Not to be defeated: weblogs in iran. Part 1
The 2004 nitle blog census counted more than 64000 weblogs in farsi, the native language of most iranians. This puts the country well ahead of germany, italy and russia in terms of the number of bloggers. The internet "has grown faster in no other country in the middle east since 2000 than in iran", adds a report from "reporters without borders". What is the reason? Nasrin alavi names five reasons in her book, which has been circulating on the net for a long time and has now been published in german "we are the [email protected] Revolt against the mullahs – the young persian weblog scene".
The first reason is the rigid press censorship: iran is regarded as the "the worst prison for journalists in the middle east (reporters without" (reporters without borders – cf. "The roughest prison in the middle east"). It is mainly print journalists who are persecuted, but recently more and more often net journalists as well. Especially in times of crisis, such as the student protests in 2003, iranian blogs are almost overflowing with political rhetoric and have overtaken cabs as the favorite venue for political discussions; alavi goes into detail:
In the last six years, 100 printed publications, including 41 dailies, have been taken out of circulation by the iranian judiciary. In april 2003, the iranian government became the first state power in the world to take direct action against bloggers. Sina motallebi, a journalist who had written a popular weblog, was imprisoned. His arrest was just the beginning.

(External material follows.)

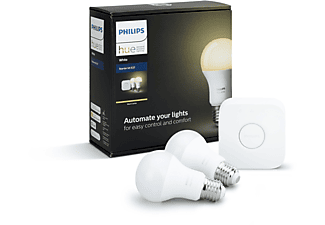 PHILIPS Hue Akıllı Başlangıç Seti E27 2'li Akıllı Ampul Beyaz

In october 2004, new laws against cybercrime were passed in the islamic republic "cybercrimes" which provide for prison sentences of up to 14 years, were passed and immediately applied. Amnesty international wrote just a month later:
The arbitrary arrest of some 25 internet journalists and civil society campaigners in recent weeks indicates an alarming rise in human rights abuses in iran.
Since the beginning of this year, the regime has stepped up its attack on the blogosphere and online journalists – almost half of the websites are now heavily filtered, bloggers have been repeatedly arrested. Since then, the number of pseudonyms in blogs has increased dramatically. Nevertheless, according to the iranian students news agency, many iranians "the internet more than other media". Arrests are always followed by online protests, which have long been popular in iran.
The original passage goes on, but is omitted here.